Education changes lives, and providing students with vocational skills that are valued by those in industry enables both businesses and young people to fulfil their potential. Historically, education has been far too focussed on raw academic qualifications. Education shouldn’t be about being able to tick a certain box – it should instead be about the underlying skills that having a certain qualification demonstrates.

Should today’s proposals omit design and the wider creative arts, it would be an opportunity missed and could threaten the future success of the UK’s creative industries, which currently constitute one of the fastest-growing sectors in the country. The UK is renowned for its creativity thanks to its successes in fashion, art, design, film, food and music, and as such, it is imperative that we ensure creativity and design are an integral part of these planned vocational qualifications.”

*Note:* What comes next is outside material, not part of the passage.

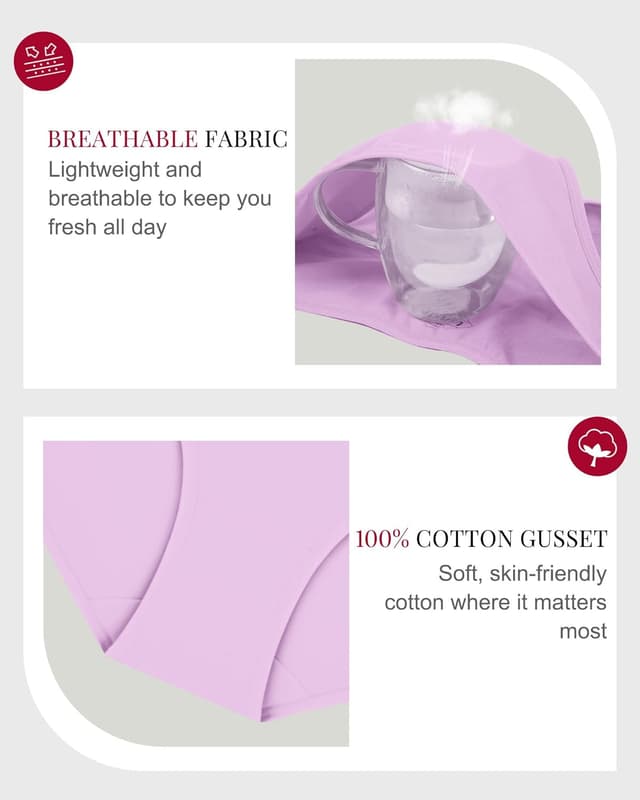 Detalle 2 de TANSTC Mutande Culotte Donna in Cotone (confezione da 6 slip hipster, vita bassa)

At Adobe, we’ve been doing our bit to support vocational learning, most recently by offering young people the opportunity to gain practical technology and creativity skills, as well as learn about the world of gaming and design, through our Adobe Generation online courses. In addition, we have been extending student access to Adobe technology and helping institutions meet students’ increasing demand for access to the latest technology, through the Eduserv Adobe ELA Framework Agreement. This three year license agreement will enable Further Education (FE) and Higher Education (HE) institutions to deploy the latest version of Adobe’s Creative Suite across the entire campus, as well as on staff computers, for the first time.